For a quarter century, The Granite Group’s only location in Maine was a low-key storefront in Portland’s West End, a short walk from the water. 

Then in 2014, the plumbing and heating wholesaler added a branch in Auburn. In 2019, it put roots in South Portland, Lewiston, Augusta and Bangor. In 2023, The Granite Group expanded to Farmington, then Ellsworth, Brunswick and Windham last year. And earlier this month, it announced new locations in Sanford and Caribou

The company’s rapid growth in the Pine Tree State is an indication of its desire to tap into a market that has largely been dominated by one competitor. And — as its executives are quick to assert — it’s not done yet.

“You could fit the rest of New England in the state of Maine,” Chris Ploss, The Granite Group’s president, said in an interview. “So you really need a lot of locations to cover Maine and do it justice. We still have some cities and we still have some holes on the map that we need to fill in.”
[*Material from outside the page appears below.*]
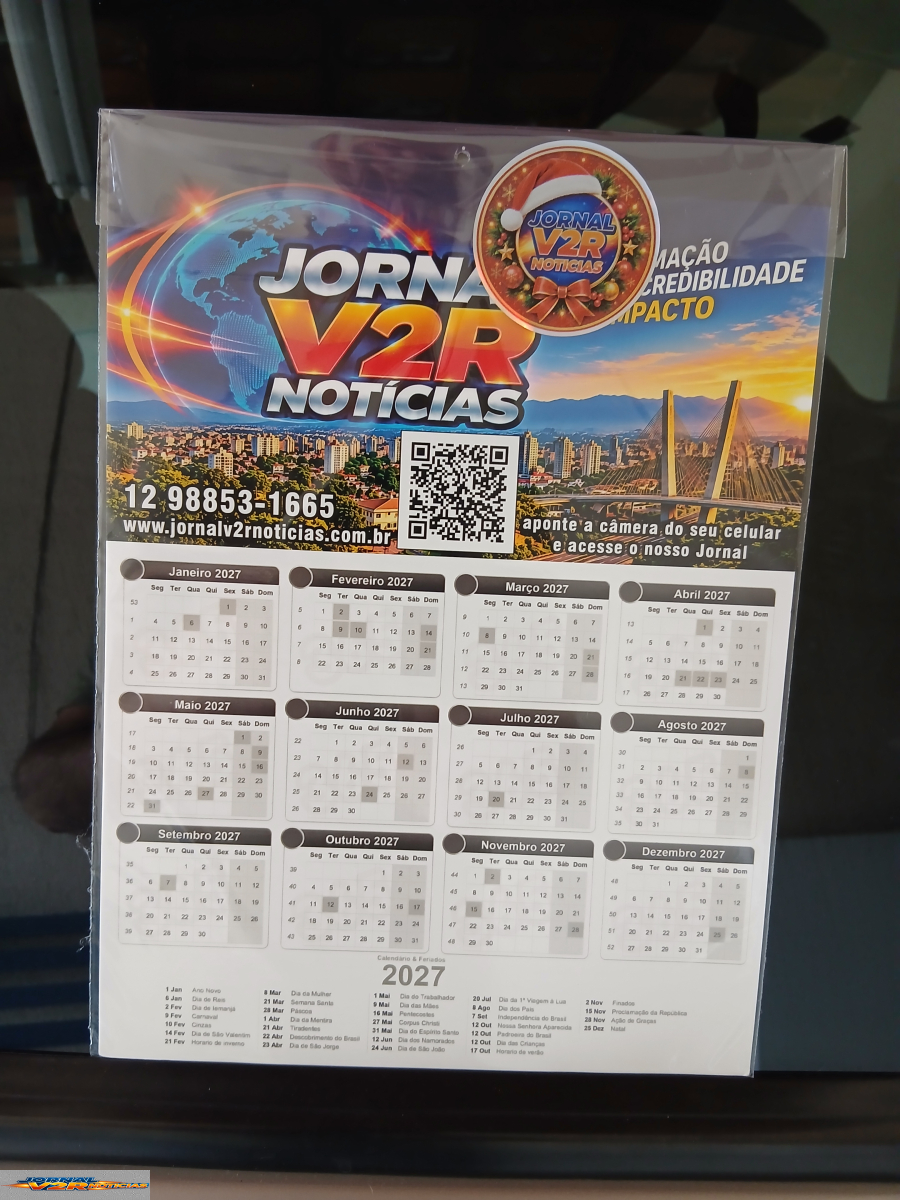 Jornal V2R Notícias lança Calendário 2027 com distribuição gratuita a partir de 10 de novembro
By sales, the company is the second largest wholesaler in the Northeast, behind only F.W. Webb, according to an annual ranking compiled by the Supply House Times, an industry publication. The Granite Group’s sales for 2025 totaled $518 million, it said, the first time the company has broken $500 million. 

By contrast, F.W. Webb is the ninth largest wholesaler in the industry nationwide. It is worth $2.6 billion, the company has said

But The Granite Group has near-equalled its physical presence in Maine, with 12 locations to its competitor’s 13. 

Based in New Hampshire, it currently operates 79 wholesale branches and 19 retail showrooms spread through all six New England states. It has 800 employees, 85 of whom either live or work in Maine. 

The company, which distributes plumbing, heating, cooling, piping, water systems and energy products, has steadily grown its footprint across all of New England in recent years, through both acquisitions and opening new locations. It has added as many as two dozen branches and showrooms in the past five years, and expanded outside of New England for the first time this month by acquiring a distributor in Plattsburgh, New York. 

“It’s hard for us to go east,” Ploss said, referring to the company’s future expansion strategy. “We’re not going to put a branch in Portugal or even probably New Brunswick or anything like that, so we will definitely head west as we either have people to do it, or we make acquisitions.”

The Granite Group’s track record of acquiring small wholesalers mirrors an industrywide consolidation trend. Its overall growth pattern is also in line with the trajectory of the plumbing and HVAC industry in the U.S., which market analysts expect to balloon from generating $67 billion in revenue in 2025 to more than $100 billion by 2033. 

As for where it will expand next in Maine, Ploss isn’t certain. 

“We’re up and down the Maine turnpike every day,” he said. “So to be able to have another location to drop off to, or to plant a flag, that’s what we kind of look to do.”

In order to open a new branch, he said, the right people have to be in place. The company added a branch in Caribou because it has an outside salesperson who lives in the area and championed the expansion. 

The location opened last week and employs four people. 

“We’re unapologetically a people-first organization,” Brad Dupuis, The Granite Group’s vice president of marketing said. “​That’s why our tagline is what it is. It’s great people first, and then followed by the great products. It’s just kind of our compass.”